Many of our relatives, on both my father's and my mother's sides, were victims of these confrontations and made great sacrifices. My father used to say that our two families had shed a river of blood. I therefore grew up in an atmosphere of patriotic stories and the stirring revolutionary songs known as Rizitika, which had a very great influence on me.

* Even so, you have memories of a happy childhood.

-- Yes. We had a country house, where we were surrounded by aunts and uncles forming one big family. This house had also been the home and source of inspiration of a famous naive painter, Theophilos. It was a wonderful experience to live there in the middle of the olive groves, the orange trees and the flowers, overlooking the sea. I remember that there was a boat which used to sail past twice a week. The impression which that white boat on the blue sea has left on me is like a wound, like the mark of a scar left by a moment of exhilaration. I really believe that I have tried, in everything I have composed, to recreate that beauty and rediscover those images engraved in my memory like a childhood dream.

I also remember evenings we spent with my father, stretched out on the ground gazing at the stars. He knew a lot about the stars and he explained them to me and made me follow them, telling me their names and their history.

Another of those childhood memories that leave an indelible mark on you came from my uncle.

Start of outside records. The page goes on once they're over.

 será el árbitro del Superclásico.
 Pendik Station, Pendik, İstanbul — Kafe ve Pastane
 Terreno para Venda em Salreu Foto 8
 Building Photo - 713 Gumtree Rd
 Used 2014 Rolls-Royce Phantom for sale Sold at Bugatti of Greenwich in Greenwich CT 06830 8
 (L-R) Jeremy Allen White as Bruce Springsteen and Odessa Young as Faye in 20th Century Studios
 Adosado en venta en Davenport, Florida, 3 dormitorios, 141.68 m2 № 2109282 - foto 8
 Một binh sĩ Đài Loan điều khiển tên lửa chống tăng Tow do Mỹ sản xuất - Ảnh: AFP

Just before he was posted to Alexandria as consul, he came back to the village to get married and brought me a gramophone as a present, together with records of Greek classical and popular music and of jazz, which was then at its height. I was only four years old and there I was discovering music! We used to hold social evenings at which young people danced the Charleston and the foxtrot and I was put in charge of the gramophone. Moments like those have meant a lot to me throughout my life

My uncle also gave me a set of recordings of operatic arias, which for a long time made me afraid of opera. I think that this was probably because, for a child of my age, there was something frightening about the voices of those famous tenors and prima donnas. I was sixty before I made up my mind to tackle opera. The music I heard on that gramophone in my childhood certainly contributed to developing my tastes for a long time to come.

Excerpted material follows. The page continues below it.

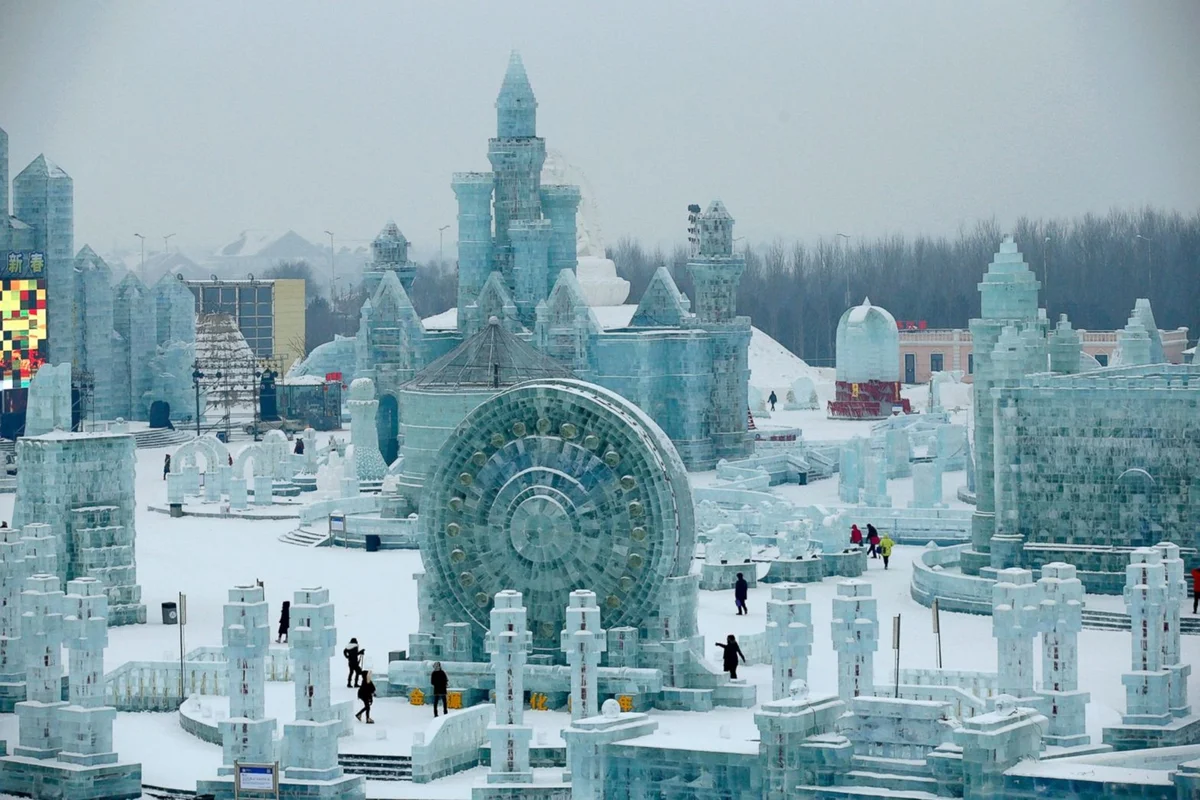 Ледовое г. Фестиваль ледяных скульптур в Харбине. Харбинский Международный фестиваль льда и снега. Ледяной фестиваль в Харбине. Фестиваль льда и снега в Харбине.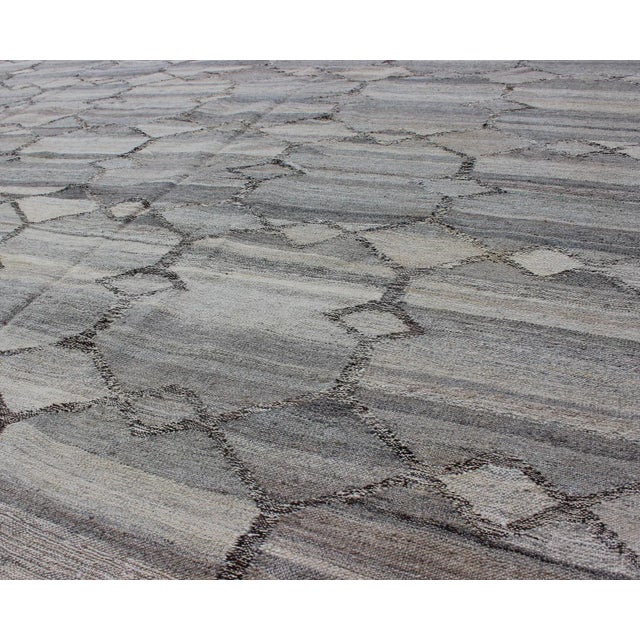Textile Hand-Woven Kilim Rug by Keivan Woven Arts, Modern Wool Design 7'9 X 9'9 For Sale - Image 7 of 9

What sort of child were you?

-- I had some crazy ideas. I wanted to fly like a bird. I climbed a tree and flung myself into the air and almost broke my neck. Then I did it again, because I was sure that I would be able to fly. One day, I wanted to take off from the top of a three-metre-high wail, because I thought that I would be able to fly down to the beach below. I was just about to jump when my grandfather suddenly came out of nowhere and tried to catch me and stop me from hurting myself. I fell on top of him and he lost his balance. I broke my wrist, but the old man broke his leg. There was utter panic all around me. Everybody was obsessed with my wrist, but nobody bothered about my grandfather. He was very embittered, and started to refuse his food. It was this, coupled with the after-effects of his broken leg, that eventually ruined his health. He died not long afterwards. That was the first time I had seen a dead person and I didn't realize what it was all about.